Cops bust man impersonating federal agent in Palm Beach county
A Florida man tried to get away with shoplifting an iPhone Wednesday by telling police he was a U.S. Marshal, Boynton Beach police say. He even showed cops a belt badge with “Marshal” that went with his U.S. Marshal lapel pin.
But, a few questions later, 61-year-old John O’Grady was under arrest for retail theft and impersonating a law enforcement officer.
According to the probable cause affidavit, employees at the 550 N. Congress Ave. Best Buy saw O’Grady pilfering an iPhone 10 days earlier, but hadn’t completed a report. Upon seeing him back in the store Wednesday, they called police to issue O’Grady a trespass warning.
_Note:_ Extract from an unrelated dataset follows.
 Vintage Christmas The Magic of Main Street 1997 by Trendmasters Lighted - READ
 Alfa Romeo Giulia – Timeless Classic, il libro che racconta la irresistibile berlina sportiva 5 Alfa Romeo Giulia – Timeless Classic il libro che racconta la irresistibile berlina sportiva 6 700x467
Arriving cops found a man in a tie and a gray business suit with a U.S. Marshals lapel pin.
What happened next was caught on police body camera.
Cops asked O’Grady if he had a firearm, he told them about a gun on his hip. So, they asked if he was a police officer, to which O’Grady said, “I am not” while pulling back his suit jacket to better display the badge on his belt.
Boynton Beach officer: “What are you?”
O’Grady: “A federal marshal.”
Asked if he had his federal marshal ID, O’Grady said he didn’t, to which a Boynton Beach officer said, “So you’re carrying a weapon and you have no ID on you?”
OGrady replied, “I just stepped out of the house to get this.”
When O’Grady couldn’t give them a number for his supervisor, his subterfuge quickly began to crumble. Officers took the gun off his hip and began to handcuff O’Grady, who asked, “For what?”
“Until we figure out what’s going on. You have a weapon, you have no ID on you —”
“It’s not a real weapon.”
“You’re carrying a fake weapon? And you’re a federal marshal?”
“No,” O’Grady admitted.
After officers congratulated him on admitting to the felonious impersonation, O’Grady claimed he didn’t know what he’d done was illegal. The gun turned out to be a Powerline Daisy 426 BB gun. Police say when they searched O’Grady’s car, they found an iPhone 10 on the passenger seat with matching serial numbers to the one shoplifted days before.
O’Grady denied stealing the phone. It would fit with his past, which includes convictions for burglary, grand theft and petit theft.